Tres meses y medio tuvo que esperar David Trezeguet para volver a ser titular en River, al menos en un partido “por los puntos”. El francés no jugaba de entrada desde el Superclásico del Torneo Inicial, pero en Córdoba volvió a ser titular.

Su partido no fue el mejor, ya que lo que mejor sabe hacer, definir, no pudo demostrarlo. De hecho, no contó con ninguna ocasión de peligro, debido a la poca creación que tuvo River en el Mario Alberto Kempes.

Sí colaboró constantemente en el juego colectivo, con los toques de primera a los que nos tiene acostumbrados, y se cansó de cabecear en las pelotas paradas a favor de Belgrano.

Pero sin dudas, lo más importante de “su” partido fue haber escuchado el grito de Leonel Vangioni para poder tocar atrás y dejar que el volante sacara el terrible zurdazo con el que el Millonario abrió la cuenta. Sí, David se disfrazó de asistidor.

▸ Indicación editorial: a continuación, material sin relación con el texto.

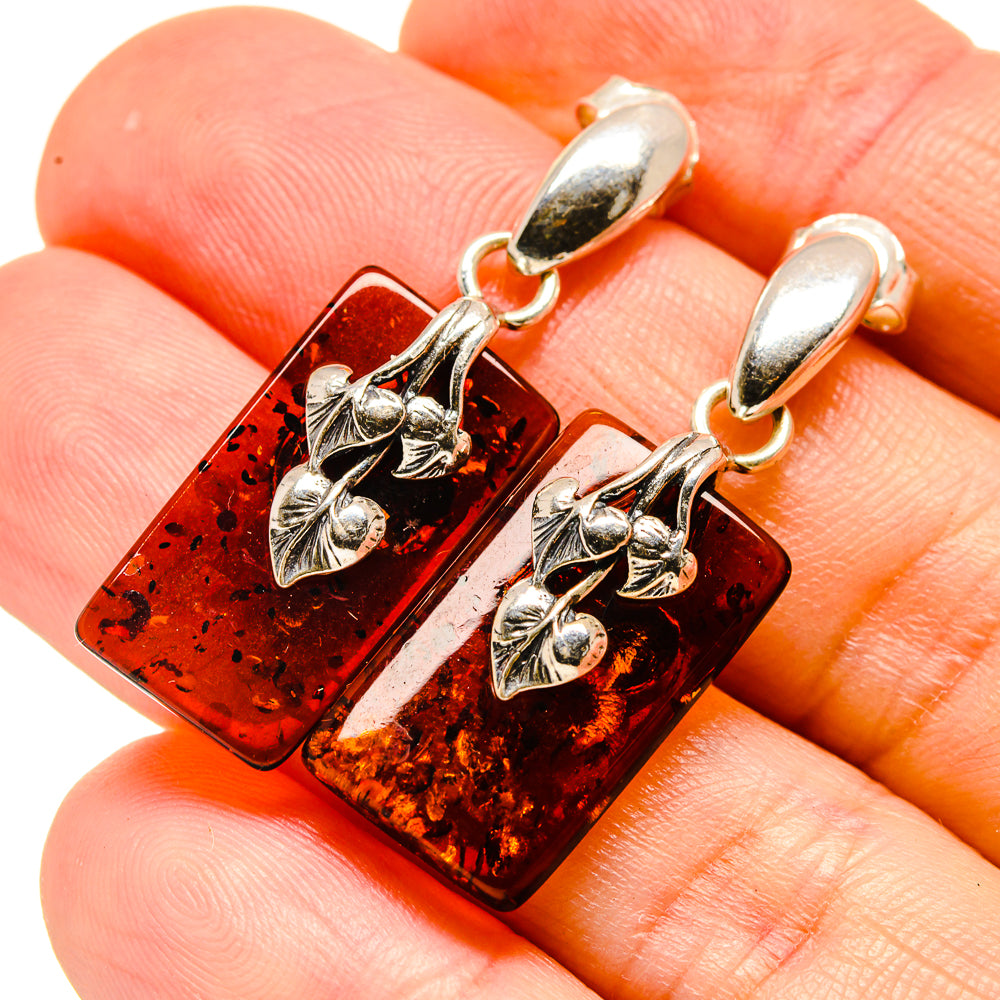 Baltic Amber Earrings handcrafted by Anasilvercos - EARR413539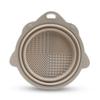 Tazón limpiador de brochas de maquillaje transfronterizo artefacto limpiador de herramientas de maquillaje plegable de silicona borla para polvo huevo de maquillaje de belleza tabla/almohadilla de lavado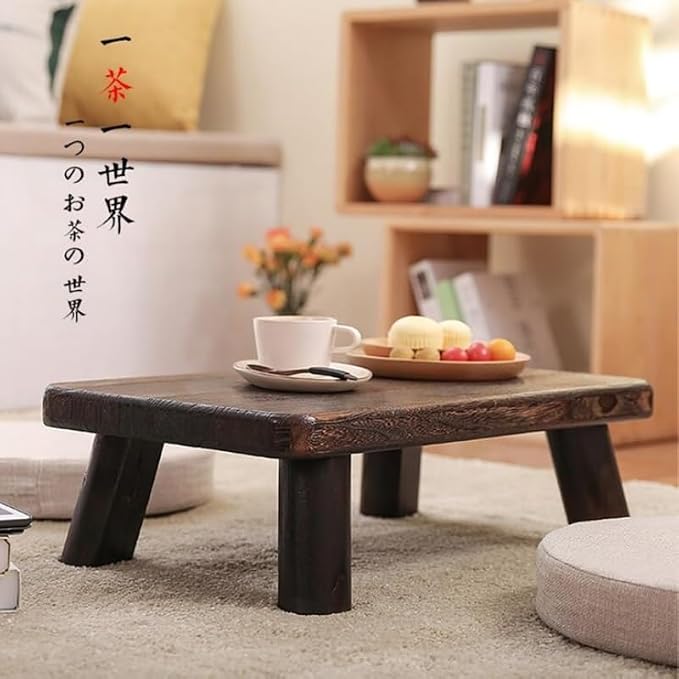 CHICKEN Couch End Table Little Traditional Tea Table Long Paulownia Wood Asia - Image 3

A falta de diez minutos lo reemplazó Rogelio Funes Mori, pero antes de irse se llevó una ovación tremenda de los once mil hinchas millonarios que fueron a la cancha donde hace ocho días la metió. Esta vez no tuvo la misma suerte, pero pudo ser titular en un partido oficial y se fue con una sonrisa, la de la victoria.